Oleh Wiyanto Suud
Tulisan ini dimuat di “Hikmah” Republika, 13 April 2010
Orang yang lanjut usia sering
kali dianggap beban bagi keluarga daripada tumpuan. Kita juga sering mendengar
dan menyaksikan, baik dari media cetak maupun elektronik --bahkan dalam
kehidupan sehari-hari-- ulah dan kenakalan para lansia. Semakin tua, semakin
buruk perangainya. Padahal, bagi mereka itu telah banyak kenikmatan yang
dikurangi oleh Allah SWT.
Syahdan, suatu ketika Ma'an
bin Zaidah mendatangi Al-Makmun. Al-Makmun bertanya, “Bagaimana keadaanmu di
usia tua renta ini?” Ia menjawab, “Aku bisa jatuh hanya karena tersandung
kotoran unta, dan cukup diikat hanya dengan sehelai rambut.”
Al-Makmun bertanya lagi,
“Bagaimana tanggapanmu terhadap makanan, minuman, dan tidurmu?” Ia menjawab,
“Bila lapar, aku marah; dan bila makan, aku merasa jengkel; bila berada di
antara orang-orang, aku mengantuk; dan bila di atas kasur, aku terjaga.”

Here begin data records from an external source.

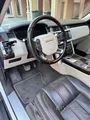 Range Rover Vogue SE 3.0 Petrol 6 cylinders Supercharged
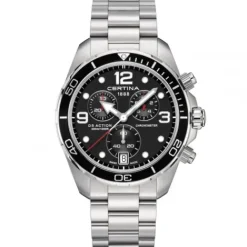 Certina DS Action Chronograph - C032.434.11.057.00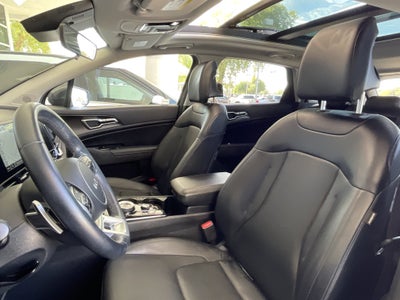 2024 Kia Sportage Hybrid EX**1 OWNER CLN CF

'Bagaimana pendapatmu tentang
para wanita?” Ia menjawab, “Kalau wanita yang buruk rupa, aku tidak
menginginkan mereka; sedangkan para wanita yang cantik, mereka tidak
menginginkanku.” Al-Makmun berkata, “Kalau begitu, tidak pantas orang sepertimu
dianggap muda.”
Sungguh amat keterlaluan bagi
orang-orang yang sudah lanjut usia, tapi masih juga melakukan maksiat.
Rasulullah SAW bersabda, “Allah SWT tidak akan menerima dalih seseorang sesudah
Dia memanjangkan usianya hingga 60 tahun.” (HR Bukhari).

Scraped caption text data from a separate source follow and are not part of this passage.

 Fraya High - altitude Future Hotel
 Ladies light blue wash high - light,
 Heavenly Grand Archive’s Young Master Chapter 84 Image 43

Oleh karena itu, Allah memberi
pujian kepada mereka yang berusia senja, tapi masih tetap menjaga keimanannya.
Dalam sebuah hadis qudsi, Rasulullah menyampaikan firman Allah SWT, “Demi
kemuliaan-Ku, keagungan-Ku, dan kebutuhan hamba-Ku kepada-Ku, sesungguhnya Aku
merasa malu menyiksa hamba-Ku, baik laki-laki maupun perempuan, yang telah
beruban karena tua dalam keadaan Muslim.”
Tua dalam keadaan Muslim yang
dimaksud dalam hadis Qudsi di atas adalah orang yang panjang umurnya dan baik
amal perbuatannya. Rasulullah SAW bersabda, “Sebaik-baik orang di antara kalian
ialah yang panjang umurnya dan baik pula amalannya.” (HR Tirmidzi).

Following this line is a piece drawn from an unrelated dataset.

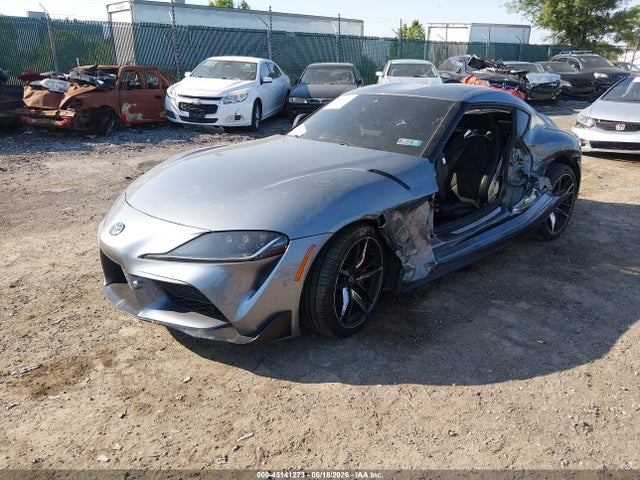 WZ1DB4C02LW024897 Toyota Gr Supra 3.0 Premium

Dengan demikian, kebahagiaan
di akhirat harus dicapai dengan bekal pahala yang banyak dari amal saleh yang
sebanyak-banyaknya. Rasulullah telah memberikan resep tentang amal yang
pahalanya akan terus mengalir meskipun kita sudah meninggal dunia.
Rasul SAW bersabda, “Apabila
seorang anak Adam meninggal dunia, maka terputuslah semua amalnya kecuali tiga
hal, yaitu sedekah jariyah, ilmu yang bermanfaat, atau anak saleh yang
senantiasa mendoakan orang tuanya.” (HR. Muslim).
Inilah rahasia keberkahan usia
yang terus bertambah, dan tetap mengalir pahala kebaikannya. Ibarat sebuah
aset, kita tinggal menikmati keuntungan dan kejayaan kita.